Nesse sentido, surge uma dúvida comum entre os segurados do INSS: o CID M17 aposenta? A resposta é: pode aposentar, mas não basta apenas ter o diagnóstico, é essencial comprovar a incapacidade total para o trabalho ou o enquadramento como pessoa com deficiência, para garantir alguma das possibilidades de aposentadoria. 

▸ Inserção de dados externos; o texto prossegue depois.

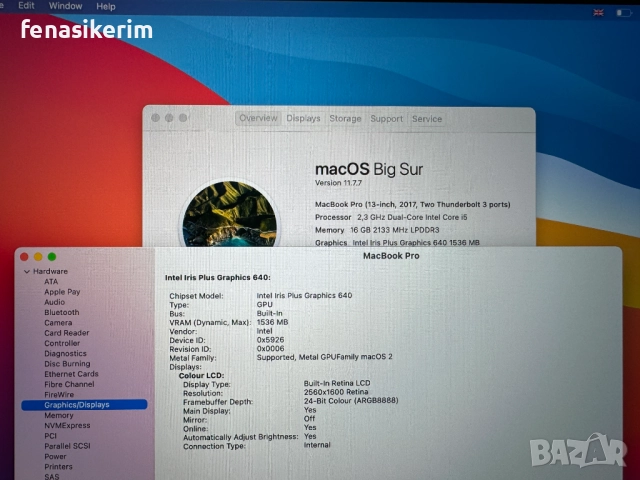 13.3' Core i5 Apple MacBook Pro Mid 2017 16GB RAM/256GB SSD/Бат 6ч, снимка 6 - Лаптопи за работа - 52672304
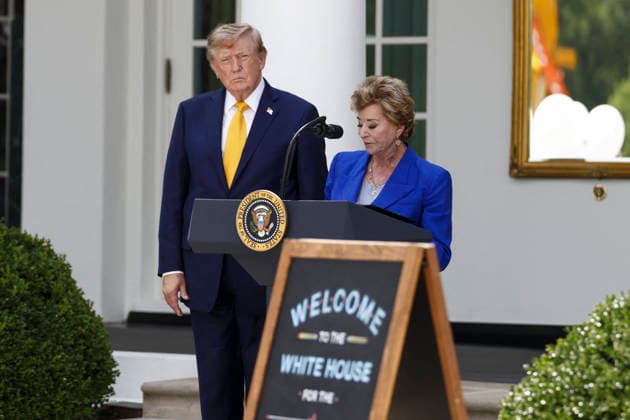 White House Coverage US President Donald Trump listens as Secretary of Education Linda McMahon delivers remarks during an education event in the Rose Garden of the White House in Washington DC, USA, 24 August 2026. President Trump and Secretary McMahon highlighted the administration’s school choice program as the new academic year begins. WASHINGTON DISTRICT OF COLUMBIA United States  Copyright: xPool ABACAx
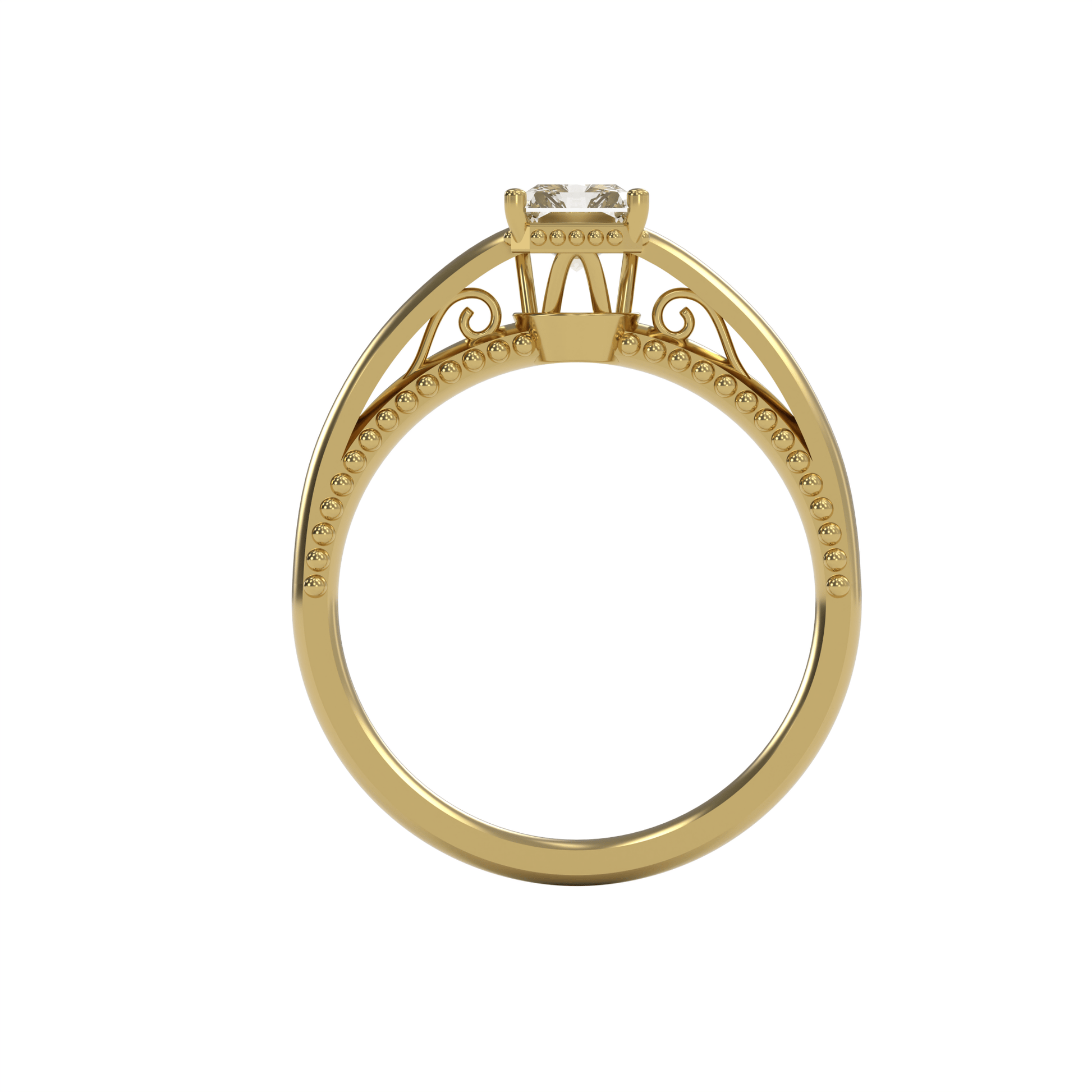 DORA 1ct Labor Diamant Radiant Verlobungsring, 14K Gold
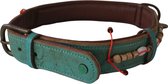 DWAM (Dog With A Mission) Bon Bini Halsband / Hondenhalsband - Echt Leder - Turquoise - XXL - Nekomtrek: 55 - 65 cm (GRAAG ALVORENS BESTELLEN OPMETEN)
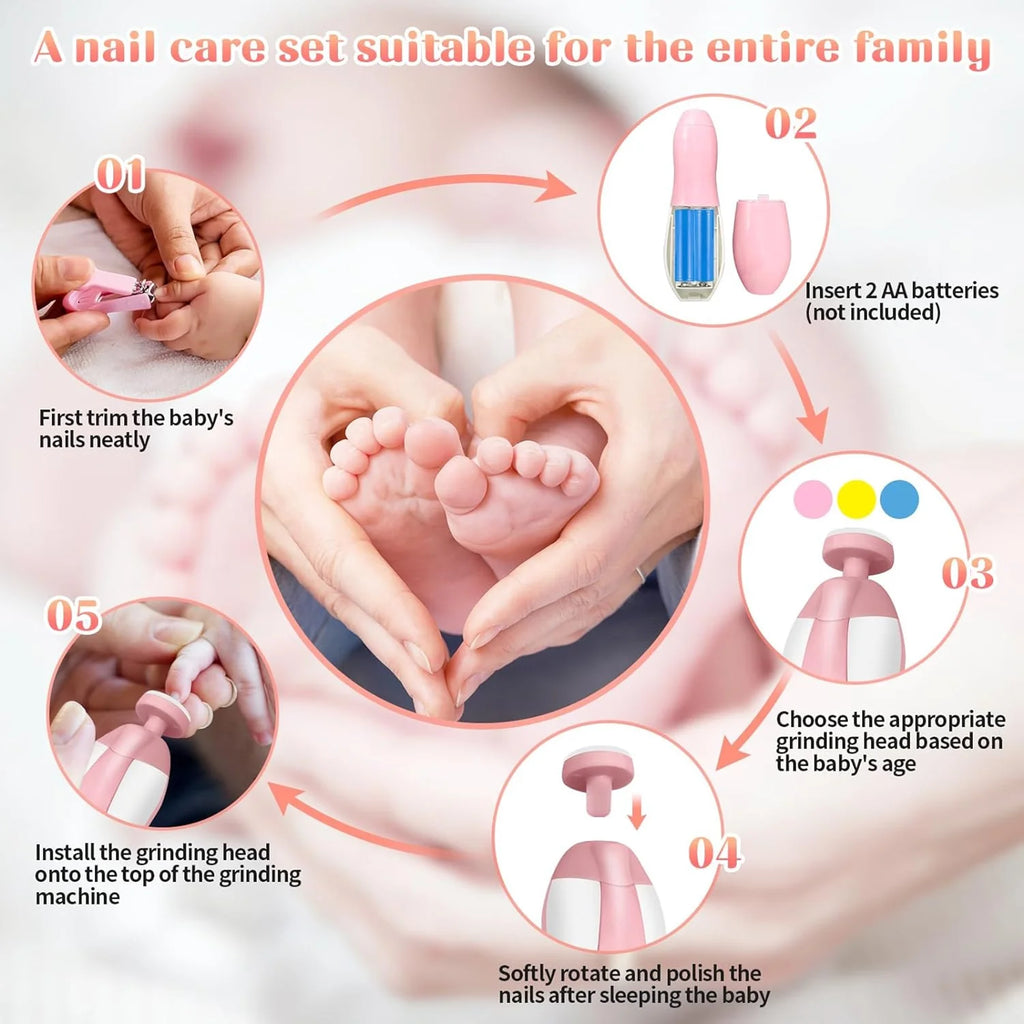 Baby Brush and Comb Grooming Kit, 21 in 1 Safety Newborn Nursery Care Set with Electric Nail Trimmer - Pink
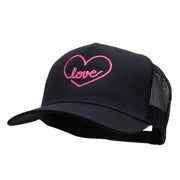 Love Nouveau Embroidered Solid Cotton Twill 5 panel Mesh Back Cap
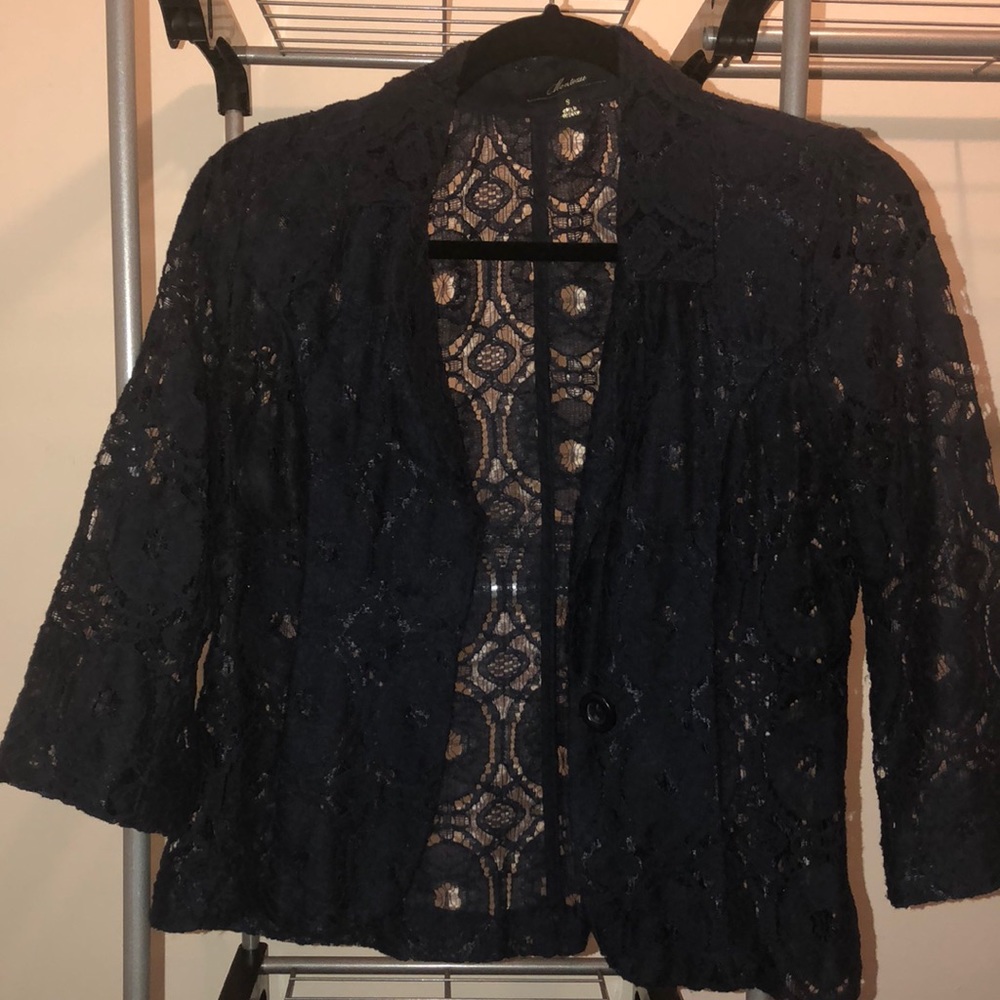 Lace navy blue blazer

Neste artigo, você vai entender quando o CID M17 dá direito à aposentadoria, quais são as modalidades possíveis, valores, documentos necessários e como aumentar as chances de aprovação no INSS. Siga a leitura até o final!

Sumário

O que é o CID M17 (gornatrose)?

O CID M17 é o código utilizado pela Classificação Internacional de Doenças para identificar a gonartrose, também conhecida como artrose do joelho. Trata-se de uma doença degenerativa que desgasta a cartilagem do joelho, causando dor intensa, inchaço, rigidez e limitação dos movimentos.

Quem convive com gonartrose costuma ter dificuldade para executar tarefas simples do dia a dia, como:

  • andar longas distâncias;
  • subir e descer escadas;
  • permanecer muito tempo em pé;
  • carregar peso;
  • realizar movimentos repetitivos.

Com o passar do tempo, a doença pode avançar e tornar essas atividades ainda mais dolorosas e limitantes. Além disso, a gonartrose não tem cura, mas possui tratamentos que ajudam a controlar os sintomas e retardar sua evolução.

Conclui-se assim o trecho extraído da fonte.